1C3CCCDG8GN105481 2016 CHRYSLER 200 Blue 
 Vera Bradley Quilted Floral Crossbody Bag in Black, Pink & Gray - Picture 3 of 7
---
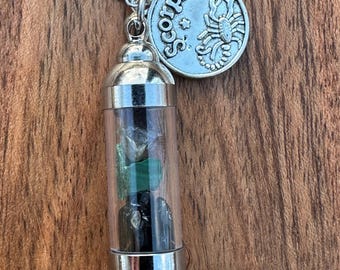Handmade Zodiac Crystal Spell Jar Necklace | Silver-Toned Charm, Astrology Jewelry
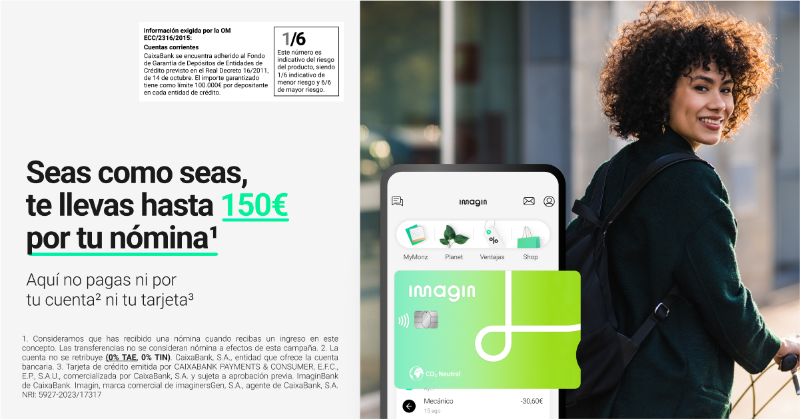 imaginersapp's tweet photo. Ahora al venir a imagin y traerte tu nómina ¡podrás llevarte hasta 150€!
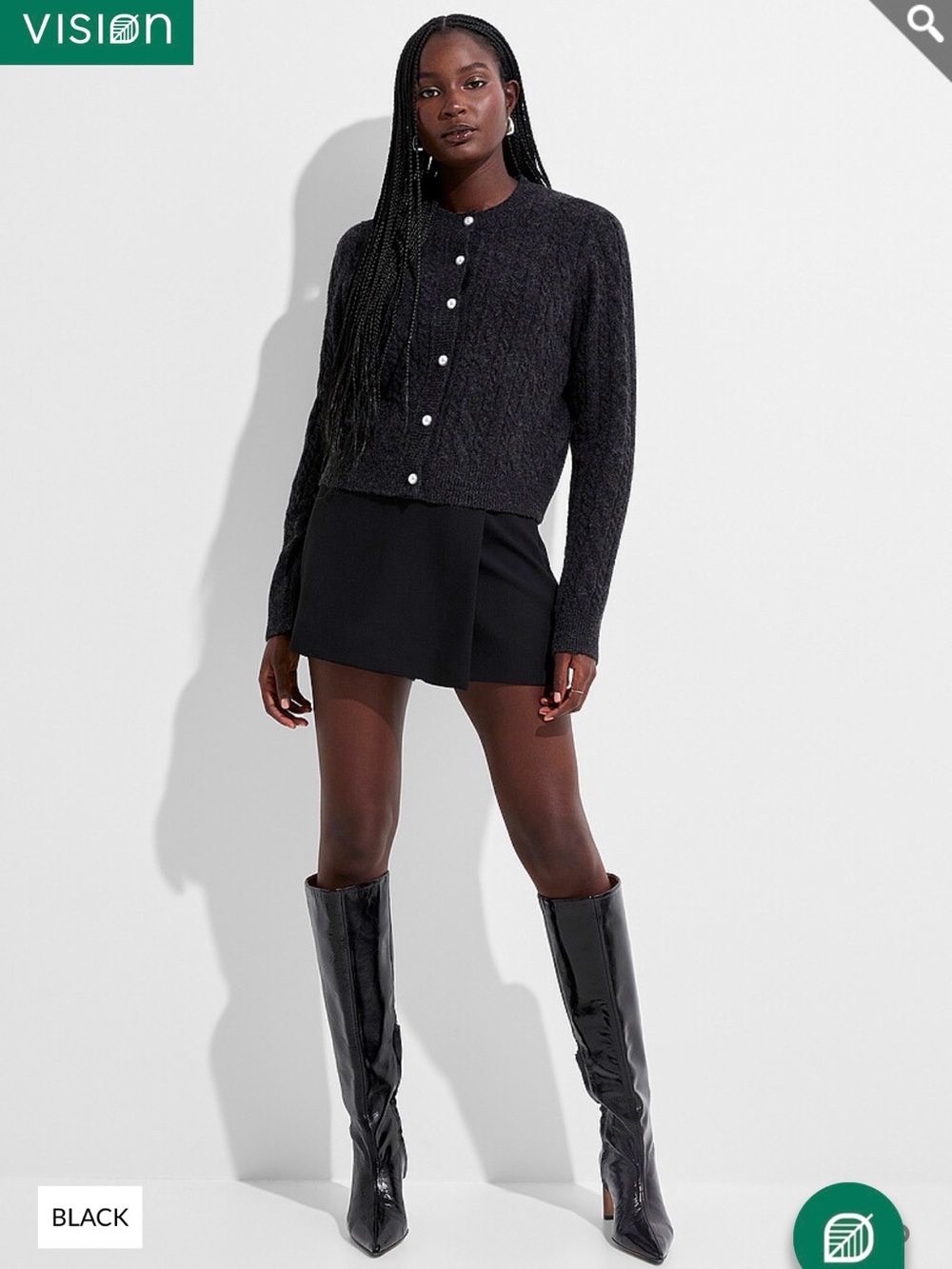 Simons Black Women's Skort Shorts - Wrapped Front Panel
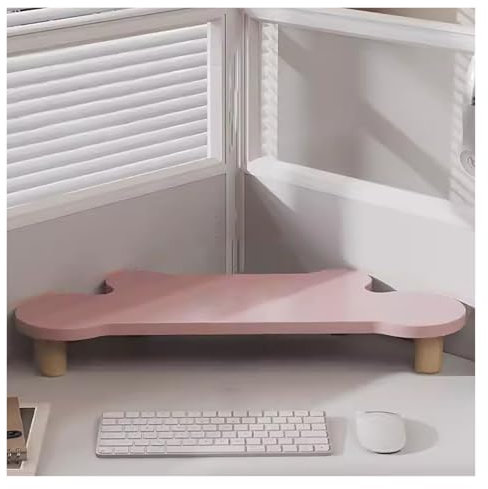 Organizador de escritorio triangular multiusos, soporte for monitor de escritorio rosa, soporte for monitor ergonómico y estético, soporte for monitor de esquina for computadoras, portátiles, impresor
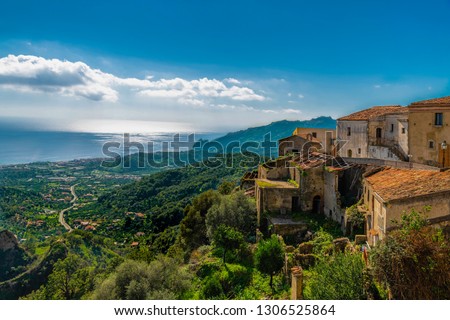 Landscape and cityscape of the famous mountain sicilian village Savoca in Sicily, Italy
==
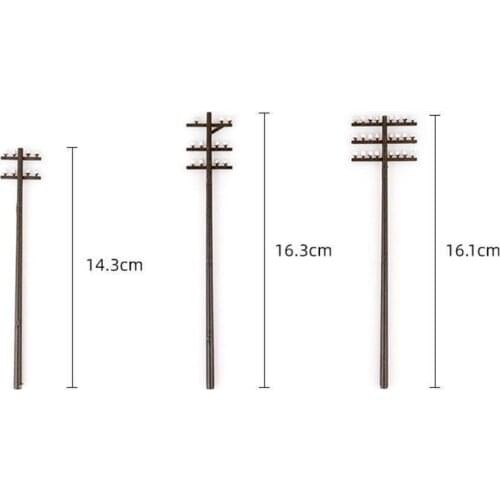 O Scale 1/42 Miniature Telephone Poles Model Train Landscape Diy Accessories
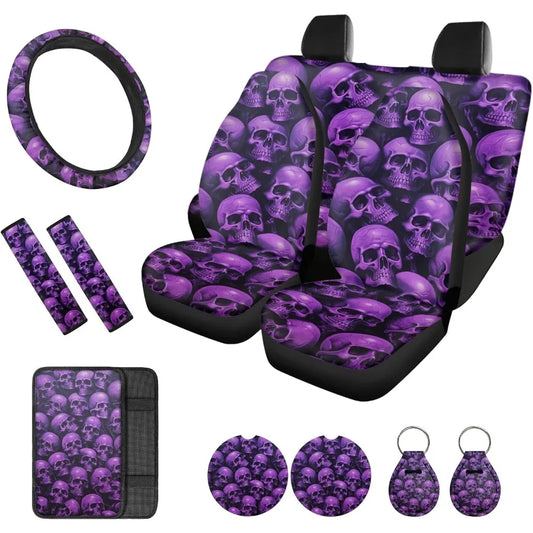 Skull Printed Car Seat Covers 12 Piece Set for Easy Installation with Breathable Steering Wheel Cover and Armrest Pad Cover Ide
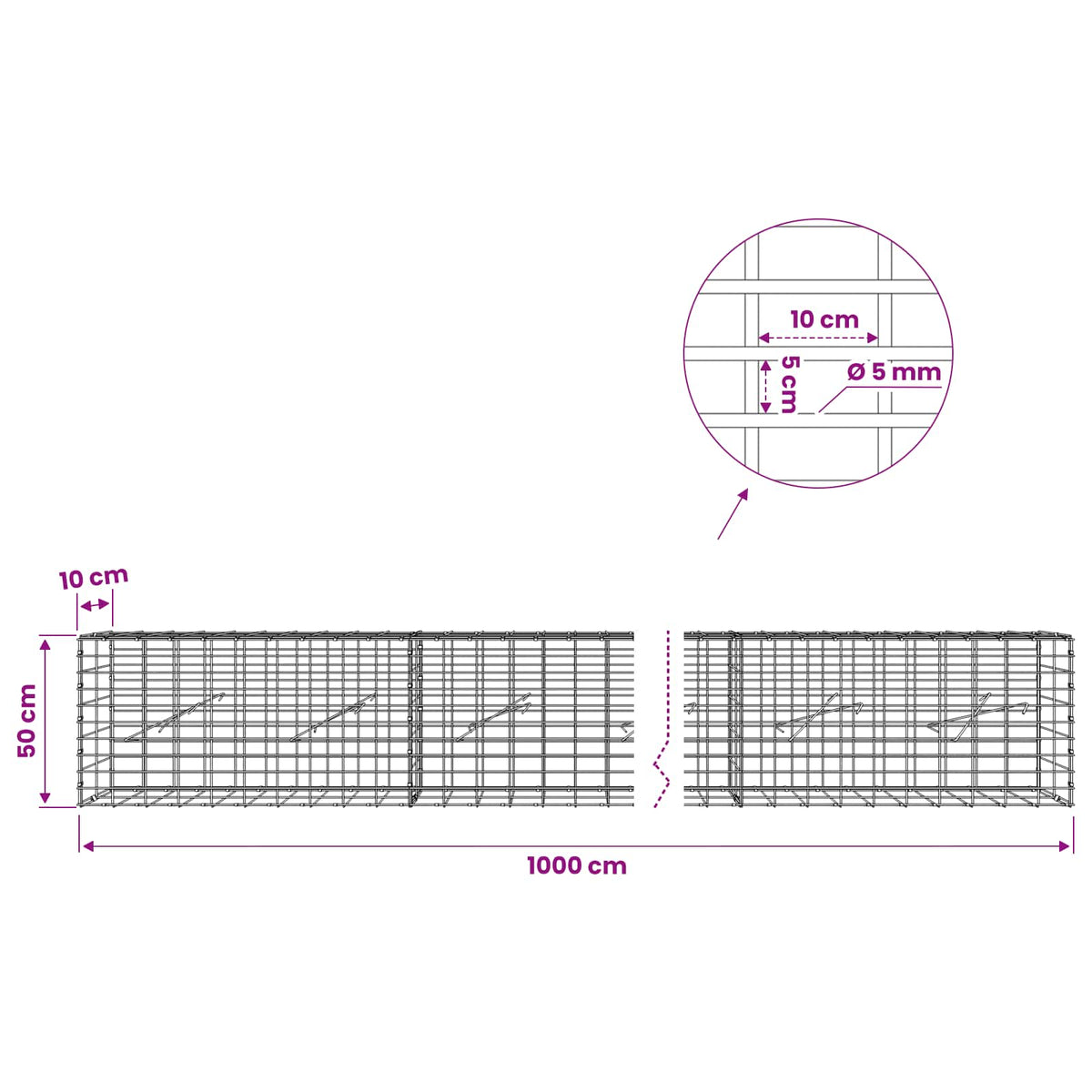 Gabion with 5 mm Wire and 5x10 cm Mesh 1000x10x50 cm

Assignment:
Print exactly, with no pictures, the lines above from the one that holds "Skull Printed Car" through the one that holds "Gabion with 5", both of them included.

Answer for the task:
 Skull Printed Car Seat Covers 12 Piece Set for Easy Installation with Breathable Steering Wheel Cover and Armrest Pad Cover Ide
 Gabion with 5 mm Wire and 5x10 cm Mesh 1000x10x50 cm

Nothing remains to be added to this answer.